YOUR INSTRUCTIONS:
In your copy of the listing below, reproduce each word exactly and include no pictures.

COLLECTED MATERIAL:
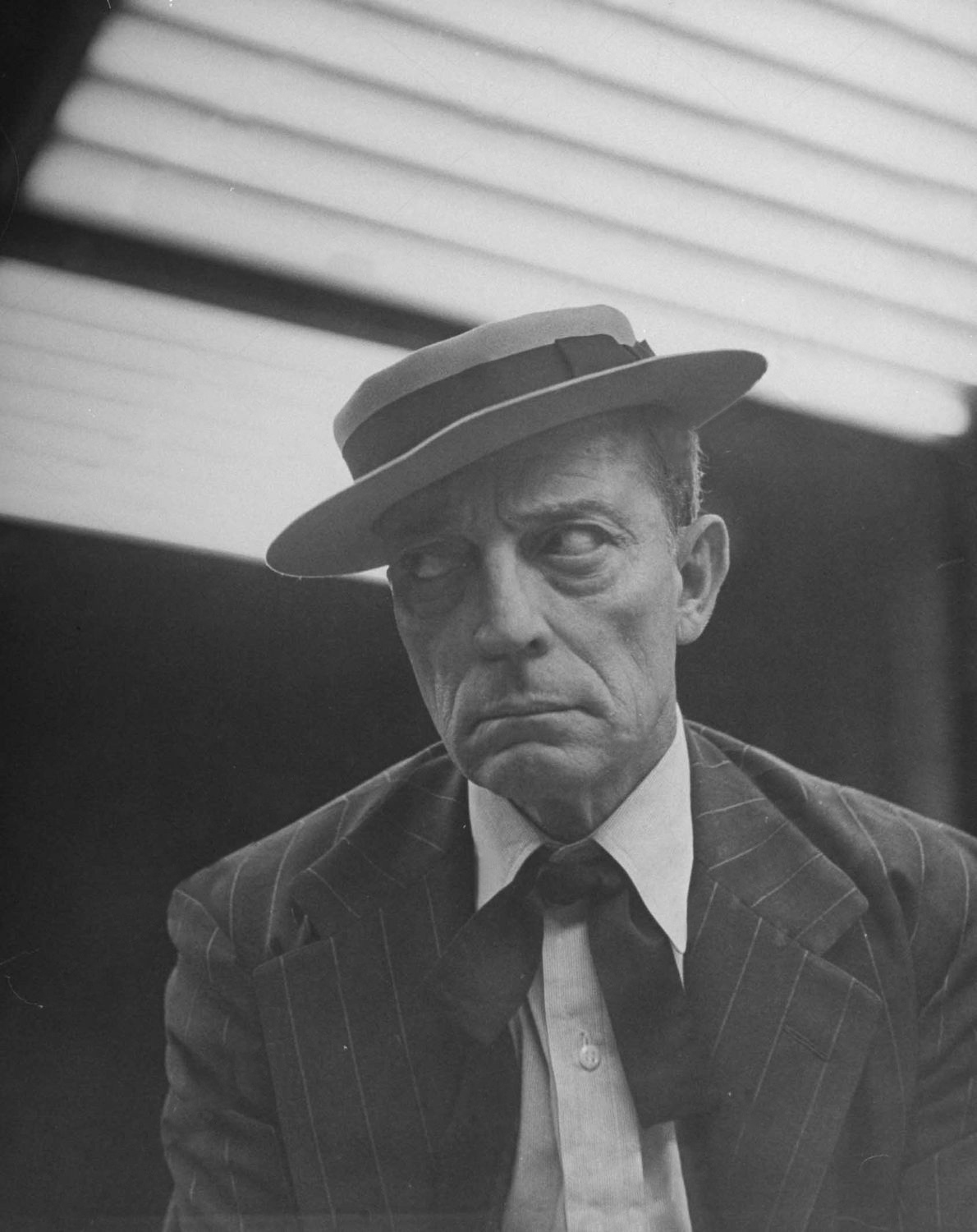 Boxing Buster Keaton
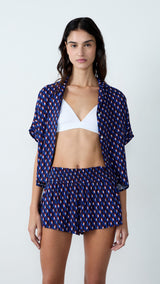 Etam beryl - short in imp bleu vert - Image 2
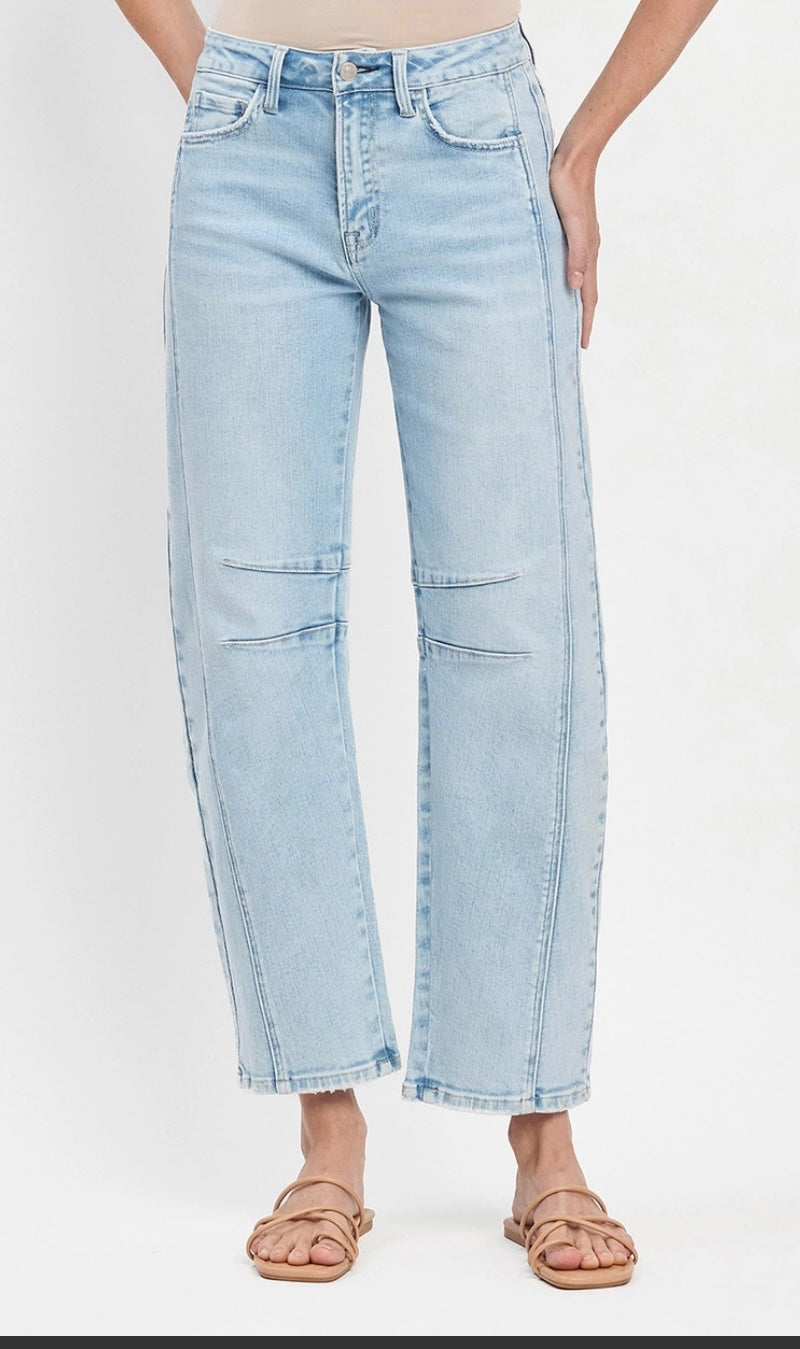 Carolina HR Barrel Jeans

EXERCISE OUTPUT:
 Boxing Buster Keaton
 Etam beryl - short in imp bleu vert - Image 2
 Carolina HR Barrel Jeans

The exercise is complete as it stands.